Well this is it. The daughter is leaving tomorrow to return to her University Life. Not sure if that's why the winter blues have hit so soon. You would think tht with all the arguing we did over the summer, this would be a relief. But it's not. As I snuck in and cuddled her this morning, I told her I wanted my little baby girl back, she was so much easier. Then I had this time stopping moment. No she wasn't an easy baby. She liked to sleep during the day and play at night. So I tried to move ahead a few years, but she was already such an independant little thing by the time she was two. I kept trying to think back to a time when she needed me more than I needed her. Then I remembered. She was in grade 4. She came home from the school bus and she was in tears. Her heart was so sad and she looked so sad with her teary face. Of course my mother bear instinct kicked in and I wanted to fix everything for her. When I asked her what was wrong, she proceeded to tell me that a boy on the bus (whom she later became good friends with) was teasing her. Now if you know my daughter, she doesn't usually let teasing affect her. But obviously this must have been horrific in nature. Through her tears, and sobbing voice she said " Cam's teasing me, he says I have .......dimples!" I quickly bit both my lips and tried to look concerned. Being the sensitive mother that I am, I basically said "Cam is correct daughter- you do have dimples!" "But there's nothing wrong with dimples and he's probably only teasing you, because that's what boys do when they want you to be their friend." Whewww. So if you ever encounter the daughter, check out her cute dimples, but what ever you do, don't tease her about them.

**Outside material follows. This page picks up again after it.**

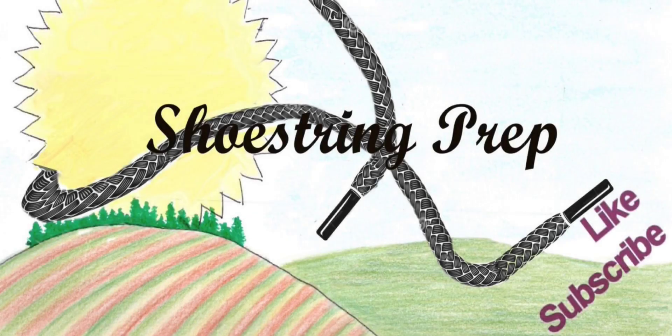All right, there it is. I hope you enjoyed the video. If you have any questions, put them down in the comments. I'll give you a link to this also. If you like videos like this, please like and subscribe, and share this with your friends if you think they'd enjoy tests like this. Shoestring out.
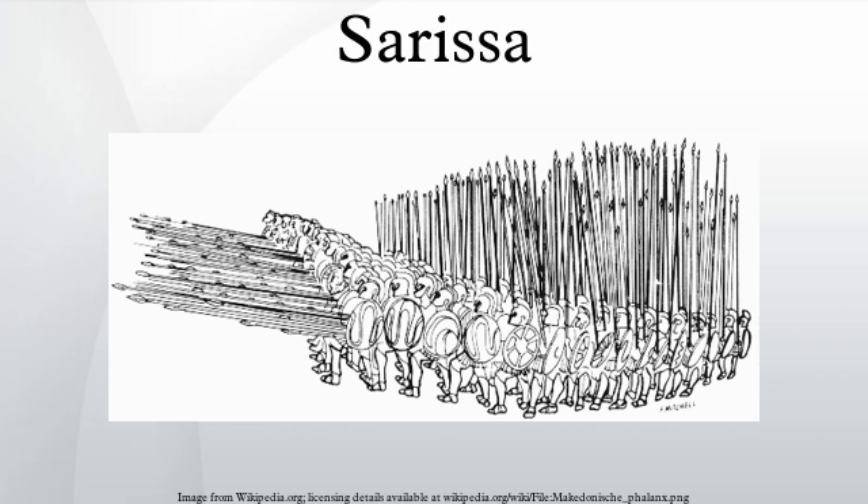The sheer bulk and size of the spear required soldiers to wield it with both hands, allowing them to carry only a 60 cm shield suspended from the neck to cover the left shoulder. Its great length was an asset against hoplites and other soldiers bearing shorter weapons, as they had to get past the Sarissas to engage the Phalangites. However, outside the tight formation of the phalanx, the Sarissa was of limited utility as a weapon and a hindrance on the march. As such, it was usually composed of two lengths and was joined by a central bronze tube only before a battle.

BODY: I had a hard time getting my butt in gear this morning, but I made it up, did my 30 minutes on thre treadmill. It was until close to bed time that I got the ab workout in, but I got it in. A little bit of gardening, laundry and napping helped to balance the chi in my body workout.
MIND: Just thinking of the daughter and her dimple story brings a smile to my face. I was a little blue first thing in the morning, but by lunch time, I had talked my way out of it and got my s**t together. I remember a time when that wasn't the easiest thing to do. I havelearned many mind tricks and thought processess that help me to get through these low times. And I can still go to bed and have things to be thankful for, then the day has been a good one.
Night, and going to miss you daughter.